Before us crunchers/folders would advise other members we were putting something up for sale, or offered stuff in any threads for fellow crunchers.  This cannot continue.  Any sale must be done in the B/S/T section of TPU just like the rest of the forum.

This also means that our "Crunchers Helping Crunchers" thread also serves differently now.  I guess for now you can post if you need any particular piece of hardware, but not negotiations can be done in the thread, either take it to PM's.

Sorry fellas, but it had to be done and I hope all of you can understand this.  

Thanks 

**if any mod or person for that matter wants to pinch in any other piece of info, please do so.  I'm sure I'm forgetting something.


----------



## Norton (Jun 29, 2013)

Chicken Patty said:


> This also means that our "Crunchers Helping Crunchers" thread also serves differently now.  I guess for now you can post if you need any particular piece of hardware, but not negotiations can be done in the thread, either take it to PM's.



Thanks Cap'n 

I discussed this with the mods (Kreij/HammerON) earlier in the week after MW posted the warning

  We can continue to post about items in the CHC thread as long as there is not a *B*uy, *S*ell, or *T*rade involved in any item we are offering or asking about. Meaning... it needs to be 100% free (including shipping, etc...). In this respect, I would expect that giving something away for a Heatware evaluation would be considered a *T*rade and would belong in the B/S/T section.

  As long as we understand the B/S/T rules and don't use the CHC section as our own B/S/T thread instead of its intended use, we should be fine. 

My thoughts anyway


----------



## shovenose (Jun 29, 2013)

ok, I understand that for free price. But why not for the cost of shipping? Surely you don't expect people to pay out of pocket?


----------



## erocker (Jun 29, 2013)

shovenose said:


> ok, I understand that for free price. But why not for the cost of shipping? Surely you don't expect people to pay out of pocket?



Then you can post it in the B/S/T thread.  It's not like you can't give it away.


----------



## Norton (Jun 29, 2013)

shovenose said:


> ok, I understand that for free price. But why not for the cost of shipping? Surely you don't expect people to pay out of pocket?



It needs to be 100% free otherwise it's a B/S/T item and belongs there- just a forum rule.

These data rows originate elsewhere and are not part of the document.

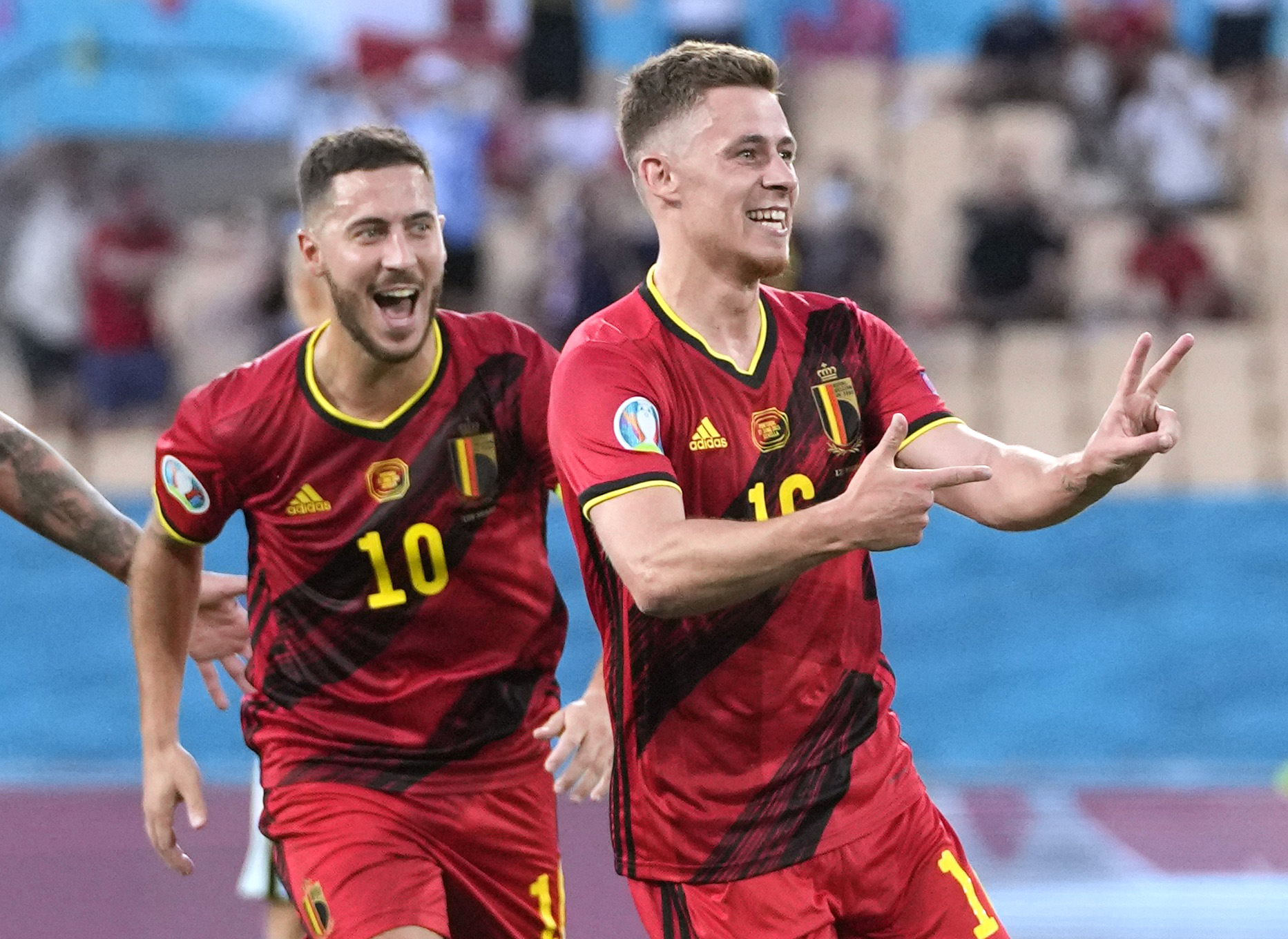 Siêu phẩm Hazard biến Bồ Đào Nha thành cựu vô địch, Bỉ vào tứ kết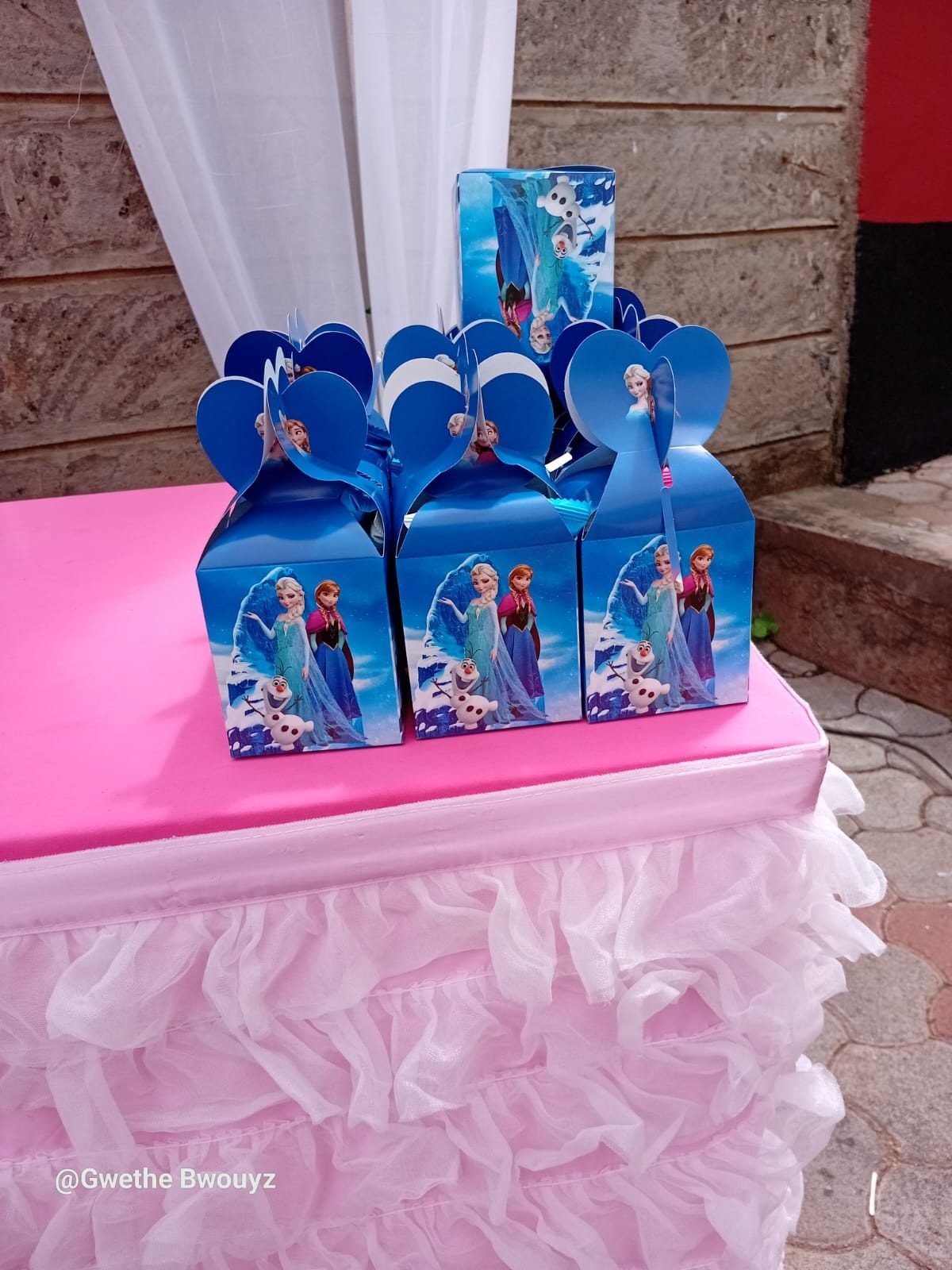 Cake Table for Hire for a kids birthday party in Nairobi - view 5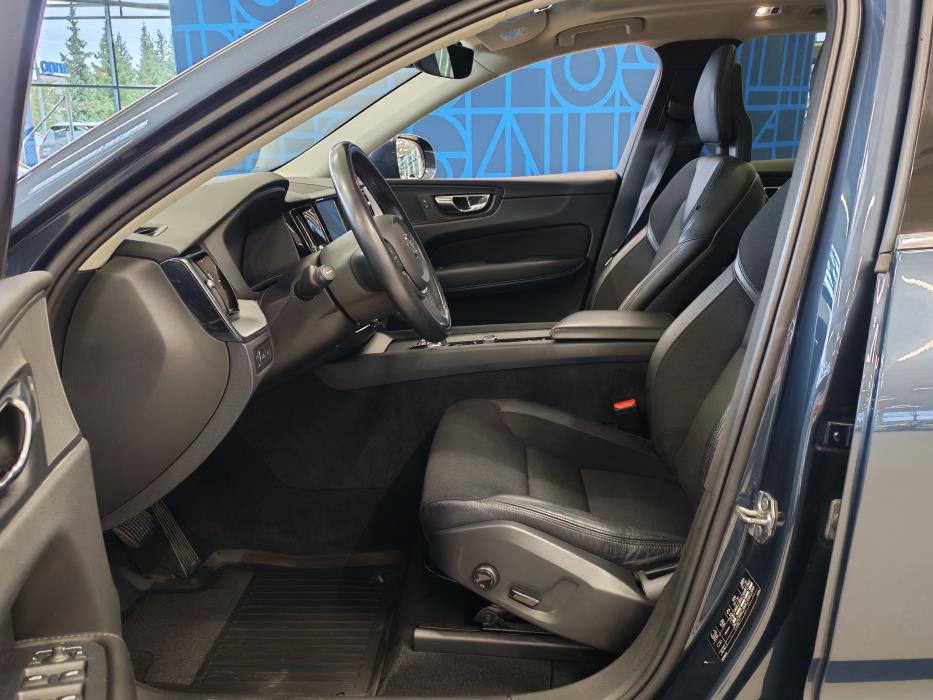 VOLVO XC60 2018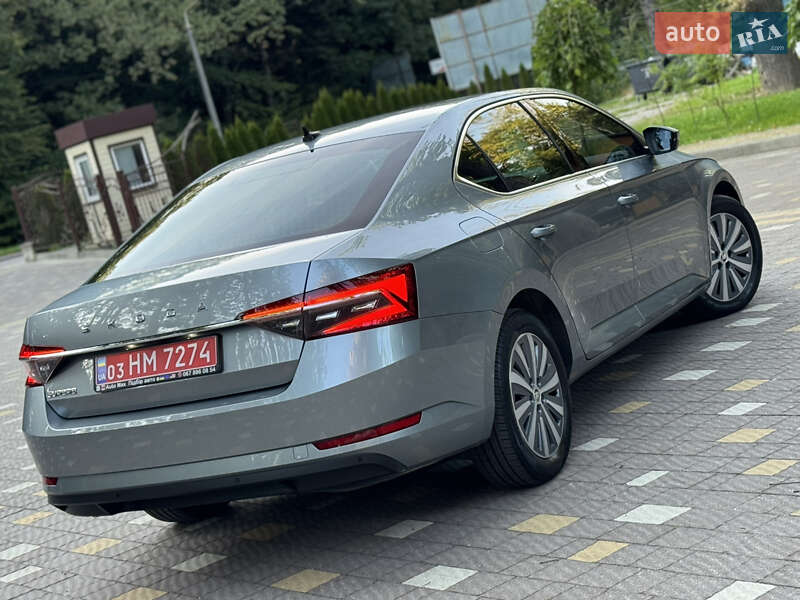 Лифтбек Skoda Superb 2021 в Трускавце
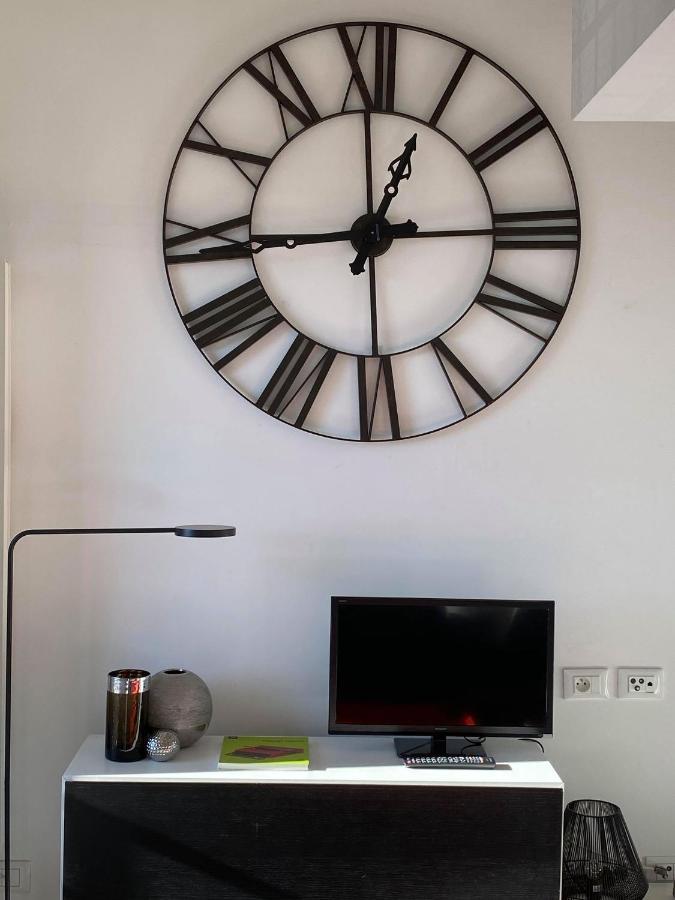 Superbe Studio Au Centre De Vence Apartment Екстериор снимка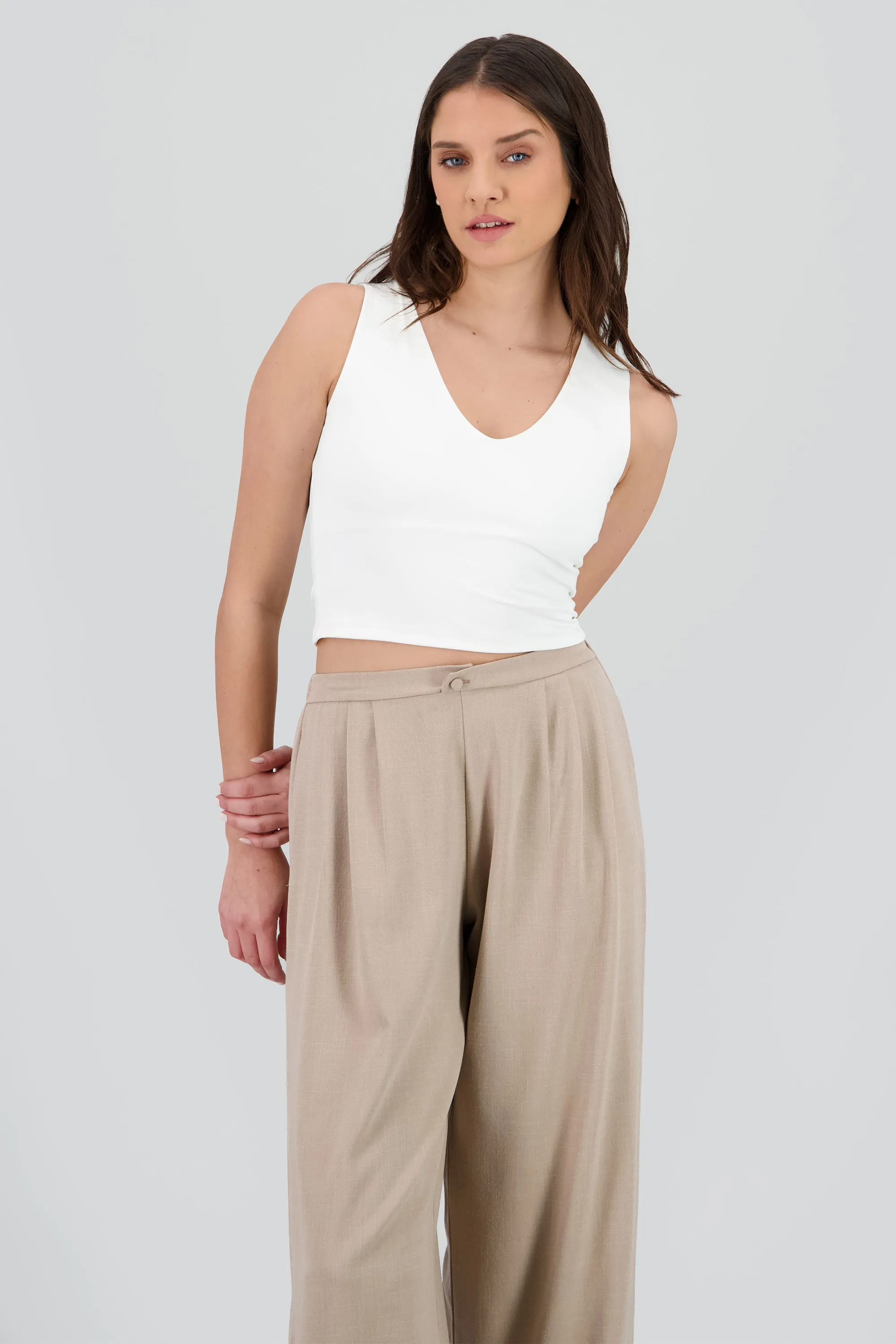 Top cuello en v sin mangas sold by Shasa product image thumbnail 2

FYI- You can make that offer in a B/S/T thread or offer a "cruncher/folder" discount in that B/S/T thread.


----------



## Chicken Patty (Jun 29, 2013)

Then I think we all are on the same page.


----------



## ThE_MaD_ShOt (Jun 29, 2013)

Just to be clear, are we allowed to make a post in the b/s/t sectioned and then make a post in the wcg section with a link to the b/s/t post and letting our teammates know there is a discount for crunchers/folders?


----------



## Kreij (Jun 29, 2013)

shovenose said:


> ok, I understand that for free price. But why not for the cost of shipping? Surely you don't expect people to pay out of pocket?



Hi shovenose,

As I explained in my PMs to Norton, any time that there is money involved there is the opportunity for someone to get scammed. We've never had any problems resulting from the CHC thread, but the potential is there. Have people follow the more comprehensive rules of the BST section, while not a guarantee, helps to mitigate potential problems.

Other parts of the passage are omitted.